▶ [PROMPT] Look through the listing below for the line containing "All Done Puppets Playing GIF". Copy it and each line after it up to and including the line containing "Size 27 agolde short - barely worn", exactly, leaving out pictures.

▶ [DATA PROVIDED]
□ □ □ □ □ □ □
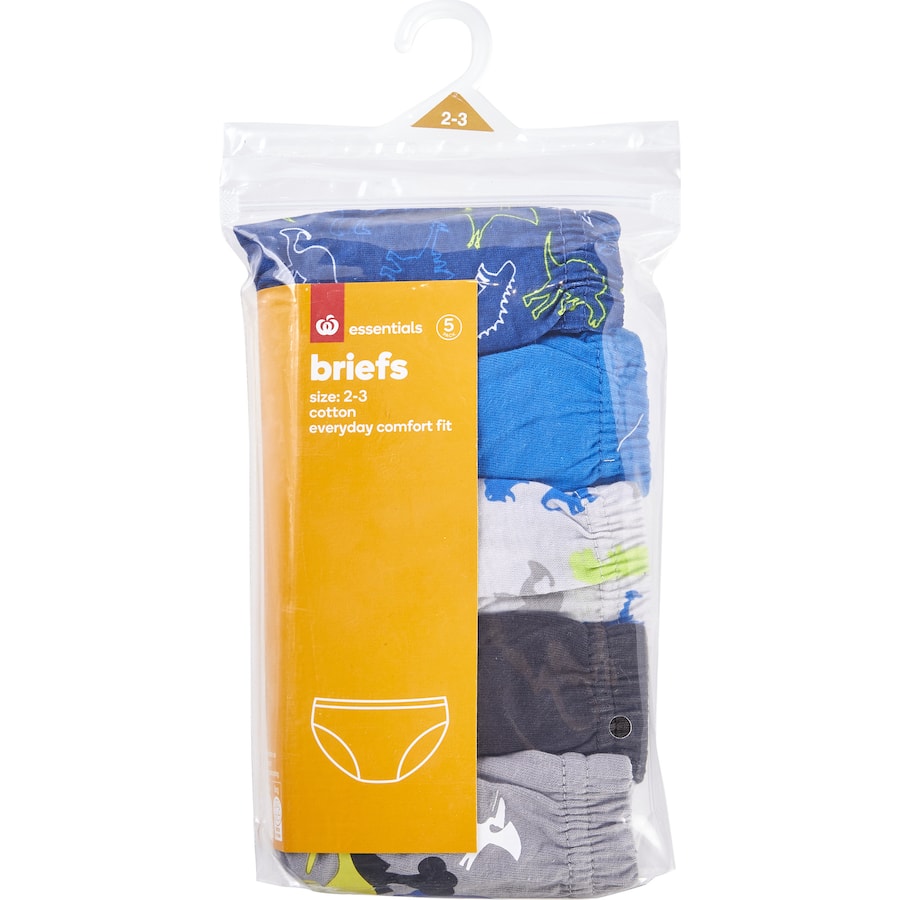 Soft, breathable cotton briefs for sizes 2 to 3, offering all-day comfort and a classic design for everyday wear.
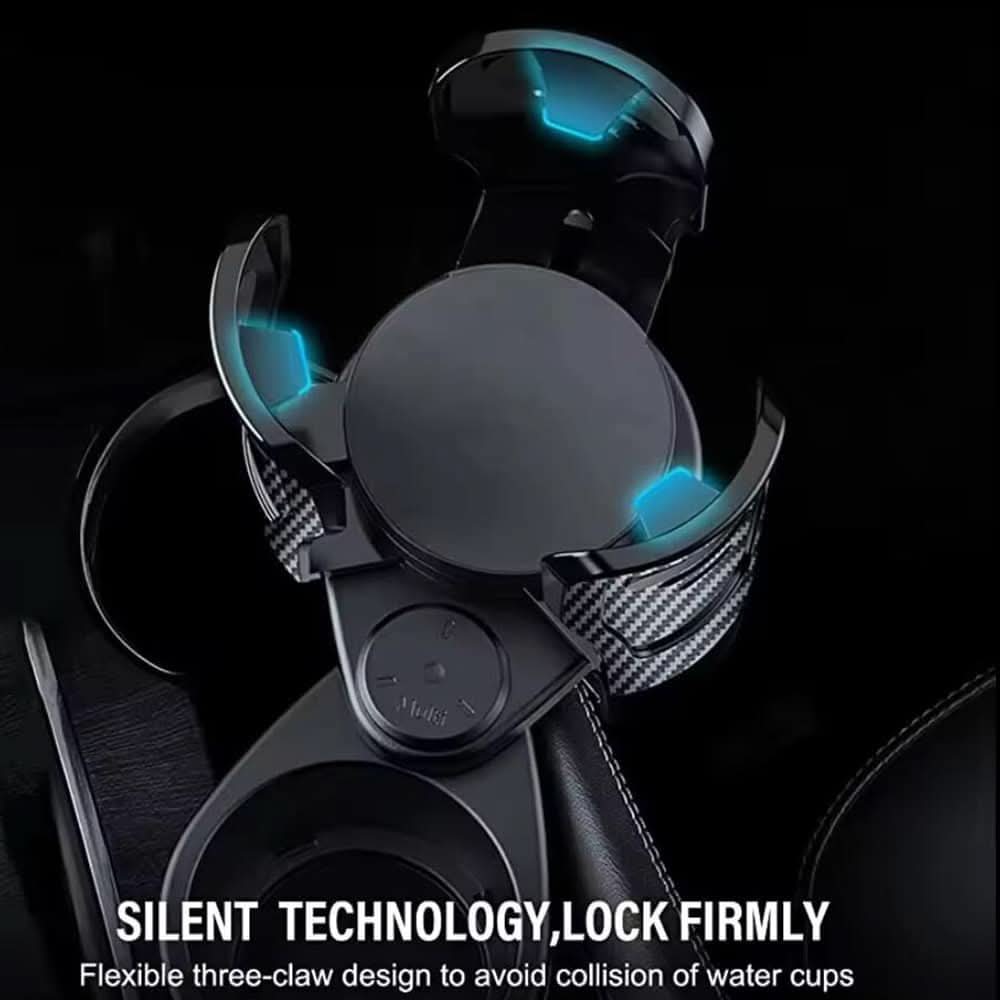 Lisslune | 2-in-1 Car Drink Holder with Rotation Function & Telescopic Fixation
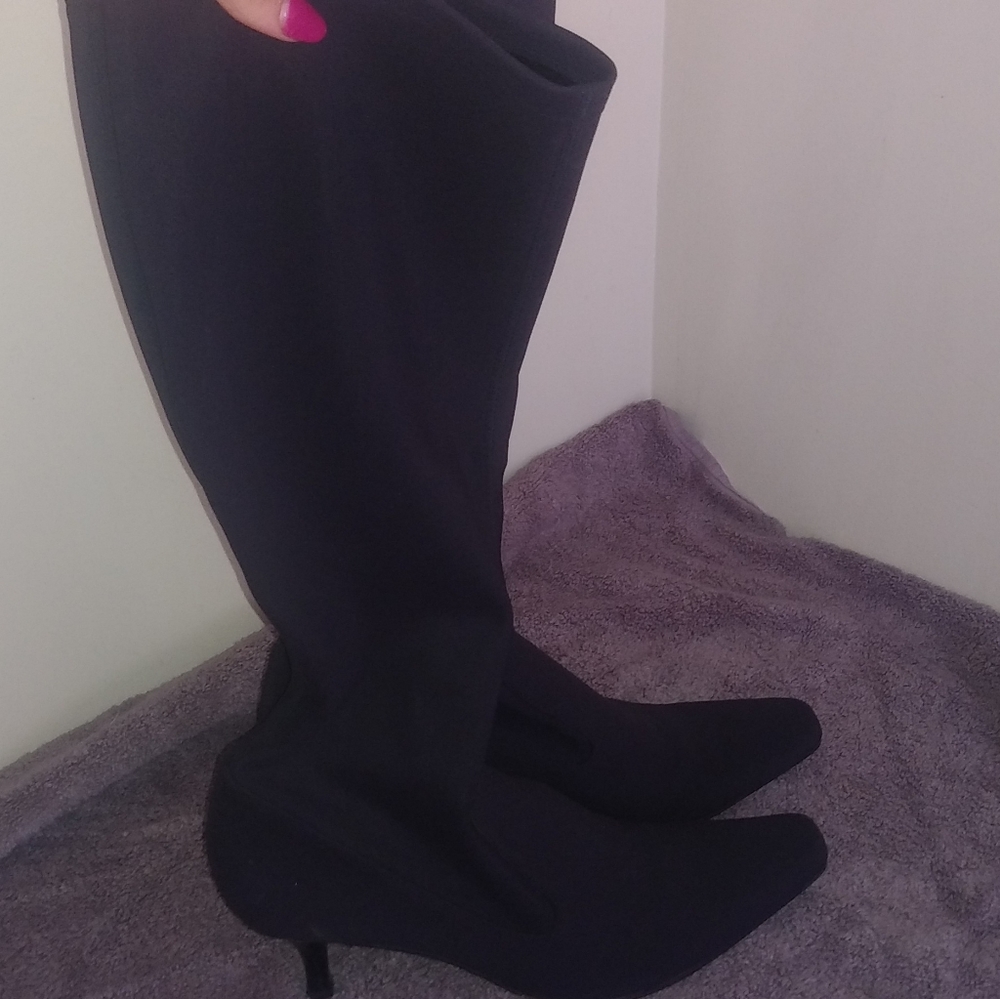 Cole Haan Black stretch boot 10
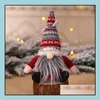 Christmas Decorations Christmas Ornament Knitted Plush Gnome Doll Gift Tree Wall Hanging Pendant Holiday Decorations Drop Delivery 20 Dhopw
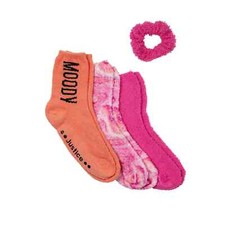 Justice Girls Fuzzy Cozy Crew Socks, 3-Pack, Size 10 1/2 - 4 - New w/ Free Ship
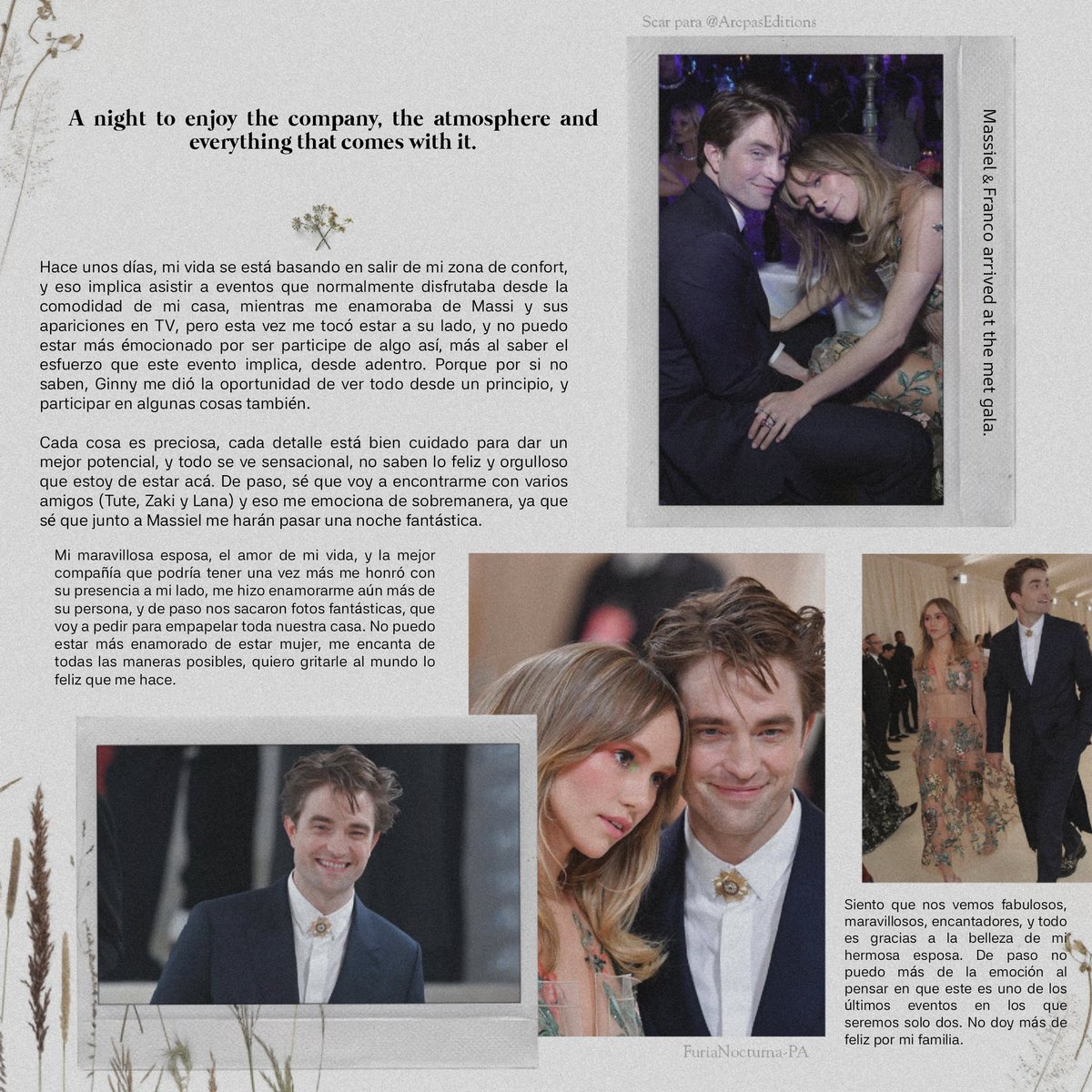 𝖬𝗂𝖽𝖽𝗅𝖾 𝖭𝗈𝗍𝖾: 𝖡𝗈𝖺𝗋𝖽. 𝗍𝗈: 𝖼𝖺𝗆! "the met gαlα nıght". ﹫𝗦𝗽𝗂𝖽𝗲𝙧𝗺𝖺𝗇_𝗐𝖾𝖻: The big met gala night arrived, and with it, the desire to flatter my ᥣovᥱ and my friends. You have no idea how incredibly beautiful everything turned out.
tᥲgs: #TheMet2025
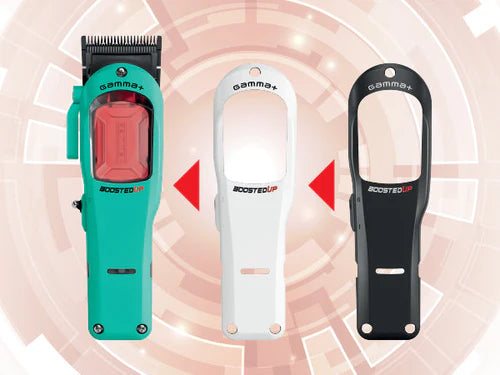 Gamma+ Boosted Up Cordless Clipper (GP601M) – 7,200 RPM Super-Torque, Double Black Diamond Fade DLC Blade, 120-Min USB-C + Dock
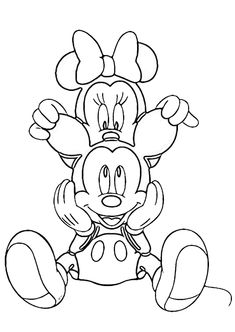 an image of a cartoon character that is in the style of mickey mouse coloring pages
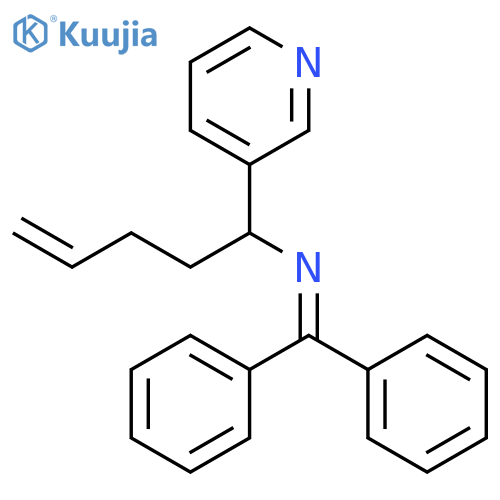 α-3-Buten-1-yl-N-(diphenylmethylene)-3-pyridinemethanamine structure
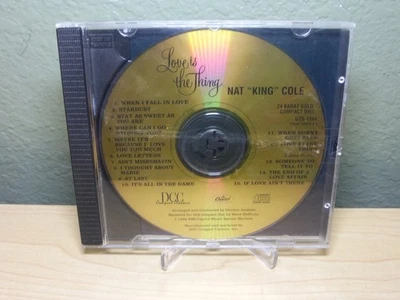 Nat "King" Cole – Love Is The Thing DCC 24kt Gold CD Steve Hoffman Mastered OOP - Image 1 of 4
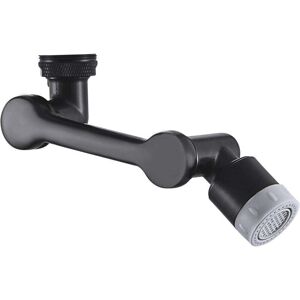 YMYNY Upgraded Bathroom Sink Faucet Aerator, Universal Swivel Head, 1080 Degree Rotatable Robotic Arm for Adults and Kids (Black) mumu YMYNY Upgraded Bathroom Sink Faucet Aerator, Universal Swivel Head, 1080 Degree Rotatable Robotic Arm for Adults and Kids (Black) mumu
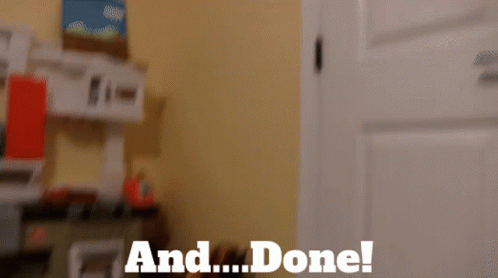 All Done Puppets Playing GIF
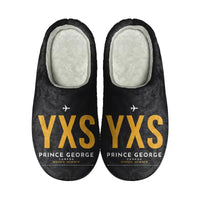 Thumbnail for Prince George Airport (YXS) Slippers & Flip Flops - Slippers - Cotton - Code - Same - Black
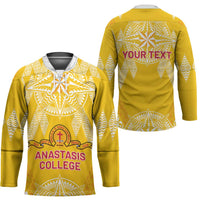 Personalised Anastasis College Hockey Jersey Tonga Ngatu Pattern - Polynesian Pride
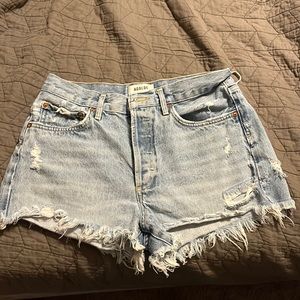 Size 27 agolde short - barely worn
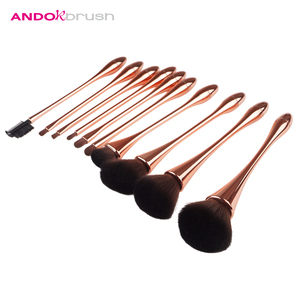 10 unids maquillaje cepillo del poco la cintura delgada maquillaje herramienta kit facial blusher Fundación cepillo - Product Image 4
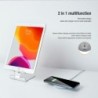 Titulares15W - cargador rápido inalámbrico - soporte - soporte plegable para teléfono - para iPhone - Samsung - Huawei - Xiaomi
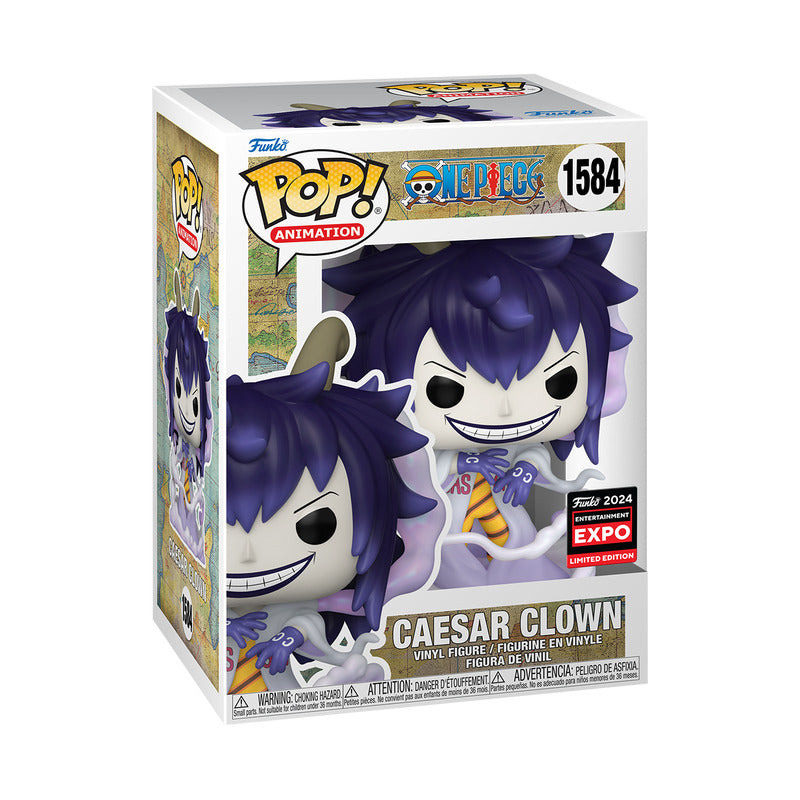 Funko Pop! One Piece: Caesar Clown # 1584 (Shared Sticker)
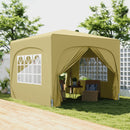 Outsunny 3 X 3(m) UPF50+ Pop Up Gazebo With Sides And Carry Bag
□ □ □ □ □ □ □
▶ [ANSWER SECTION]
 All Done Puppets Playing GIF
 Thumbnail for Prince George Airport (YXS) Slippers & Flip Flops - Slippers - Cotton - Code - Same - Black
 Personalised Anastasis College Hockey Jersey Tonga Ngatu Pattern - Polynesian Pride
 Size 27 agolde short - barely worn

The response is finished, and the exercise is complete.